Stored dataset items
*****

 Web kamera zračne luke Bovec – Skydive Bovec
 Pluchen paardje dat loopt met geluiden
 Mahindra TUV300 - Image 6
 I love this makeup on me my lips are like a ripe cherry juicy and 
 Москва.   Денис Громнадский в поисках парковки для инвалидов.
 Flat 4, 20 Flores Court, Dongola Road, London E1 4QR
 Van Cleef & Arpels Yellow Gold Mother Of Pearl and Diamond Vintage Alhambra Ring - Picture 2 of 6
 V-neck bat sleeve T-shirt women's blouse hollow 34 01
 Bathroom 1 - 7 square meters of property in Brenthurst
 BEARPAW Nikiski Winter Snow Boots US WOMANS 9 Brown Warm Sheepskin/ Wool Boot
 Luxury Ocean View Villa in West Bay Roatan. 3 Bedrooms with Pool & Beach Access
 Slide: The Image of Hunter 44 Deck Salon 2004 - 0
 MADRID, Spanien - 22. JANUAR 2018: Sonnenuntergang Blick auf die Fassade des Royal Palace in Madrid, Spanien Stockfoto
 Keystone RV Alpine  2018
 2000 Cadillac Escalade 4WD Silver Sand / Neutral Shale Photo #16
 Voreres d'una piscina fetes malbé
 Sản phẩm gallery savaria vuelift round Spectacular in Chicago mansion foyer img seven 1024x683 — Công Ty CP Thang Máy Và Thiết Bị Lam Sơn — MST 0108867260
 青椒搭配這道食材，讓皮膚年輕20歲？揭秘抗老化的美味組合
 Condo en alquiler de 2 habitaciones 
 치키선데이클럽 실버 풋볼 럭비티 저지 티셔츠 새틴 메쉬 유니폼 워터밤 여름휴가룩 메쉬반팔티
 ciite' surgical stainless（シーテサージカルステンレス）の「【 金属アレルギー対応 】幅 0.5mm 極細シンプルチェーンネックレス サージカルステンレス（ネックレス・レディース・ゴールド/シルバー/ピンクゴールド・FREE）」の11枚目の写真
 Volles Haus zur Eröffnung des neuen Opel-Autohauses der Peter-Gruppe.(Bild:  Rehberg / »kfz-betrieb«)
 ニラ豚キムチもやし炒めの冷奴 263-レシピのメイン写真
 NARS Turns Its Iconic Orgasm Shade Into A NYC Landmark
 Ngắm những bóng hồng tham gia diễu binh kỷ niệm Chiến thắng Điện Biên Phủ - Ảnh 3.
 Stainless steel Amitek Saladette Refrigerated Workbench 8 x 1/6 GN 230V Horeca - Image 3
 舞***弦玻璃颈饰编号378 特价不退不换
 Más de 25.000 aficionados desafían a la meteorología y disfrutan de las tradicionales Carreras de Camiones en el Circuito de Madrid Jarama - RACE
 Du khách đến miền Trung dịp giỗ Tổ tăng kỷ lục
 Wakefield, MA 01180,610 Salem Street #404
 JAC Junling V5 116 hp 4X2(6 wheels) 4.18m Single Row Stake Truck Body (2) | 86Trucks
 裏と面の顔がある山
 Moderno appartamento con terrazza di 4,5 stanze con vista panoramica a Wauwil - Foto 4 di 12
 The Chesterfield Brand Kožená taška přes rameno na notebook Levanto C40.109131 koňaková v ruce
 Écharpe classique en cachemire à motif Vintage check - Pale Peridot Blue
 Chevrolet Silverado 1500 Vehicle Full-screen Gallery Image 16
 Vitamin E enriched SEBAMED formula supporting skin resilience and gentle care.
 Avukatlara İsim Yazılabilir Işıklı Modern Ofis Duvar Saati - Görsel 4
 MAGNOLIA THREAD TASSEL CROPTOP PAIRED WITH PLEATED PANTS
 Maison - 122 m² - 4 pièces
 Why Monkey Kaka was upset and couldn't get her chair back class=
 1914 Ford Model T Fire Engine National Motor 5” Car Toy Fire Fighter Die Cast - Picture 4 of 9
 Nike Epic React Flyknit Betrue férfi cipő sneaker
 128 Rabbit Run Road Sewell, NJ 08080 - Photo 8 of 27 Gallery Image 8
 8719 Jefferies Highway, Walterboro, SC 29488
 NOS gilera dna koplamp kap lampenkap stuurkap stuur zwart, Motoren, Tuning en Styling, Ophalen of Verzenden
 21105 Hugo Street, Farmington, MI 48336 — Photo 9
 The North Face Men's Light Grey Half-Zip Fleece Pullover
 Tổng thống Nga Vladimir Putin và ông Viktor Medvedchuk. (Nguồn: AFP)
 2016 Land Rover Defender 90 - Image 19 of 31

*****

What to produce
Beginning at the line with "Voreres d'una piscina fetes malbé" and ending at the line with "Écharpe classique en", reproduce each line of the data above exactly, and add no other lines.

Expected answer
 Voreres d'una piscina fetes malbé
 Sản phẩm gallery savaria vuelift round Spectacular in Chicago mansion foyer img seven 1024x683 — Công Ty CP Thang Máy Và Thiết Bị Lam Sơn — MST 0108867260
 青椒搭配這道食材，讓皮膚年輕20歲？揭秘抗老化的美味組合
 Condo en alquiler de 2 habitaciones 
 치키선데이클럽 실버 풋볼 럭비티 저지 티셔츠 새틴 메쉬 유니폼 워터밤 여름휴가룩 메쉬반팔티
 ciite' surgical stainless（シーテサージカルステンレス）の「【 金属アレルギー対応 】幅 0.5mm 極細シンプルチェーンネックレス サージカルステンレス（ネックレス・レディース・ゴールド/シルバー/ピンクゴールド・FREE）」の11枚目の写真
 Volles Haus zur Eröffnung des neuen Opel-Autohauses der Peter-Gruppe.(Bild:  Rehberg / »kfz-betrieb«)
 ニラ豚キムチもやし炒めの冷奴 263-レシピのメイン写真
 NARS Turns Its Iconic Orgasm Shade Into A NYC Landmark
 Ngắm những bóng hồng tham gia diễu binh kỷ niệm Chiến thắng Điện Biên Phủ - Ảnh 3.
 Stainless steel Amitek Saladette Refrigerated Workbench 8 x 1/6 GN 230V Horeca - Image 3
 舞***弦玻璃颈饰编号378 特价不退不换
 Más de 25.000 aficionados desafían a la meteorología y disfrutan de las tradicionales Carreras de Camiones en el Circuito de Madrid Jarama - RACE
 Du khách đến miền Trung dịp giỗ Tổ tăng kỷ lục
 Wakefield, MA 01180,610 Salem Street #404
 JAC Junling V5 116 hp 4X2(6 wheels) 4.18m Single Row Stake Truck Body (2) | 86Trucks
 裏と面の顔がある山
 Moderno appartamento con terrazza di 4,5 stanze con vista panoramica a Wauwil - Foto 4 di 12
 The Chesterfield Brand Kožená taška přes rameno na notebook Levanto C40.109131 koňaková v ruce
 Écharpe classique en cachemire à motif Vintage check - Pale Peridot Blue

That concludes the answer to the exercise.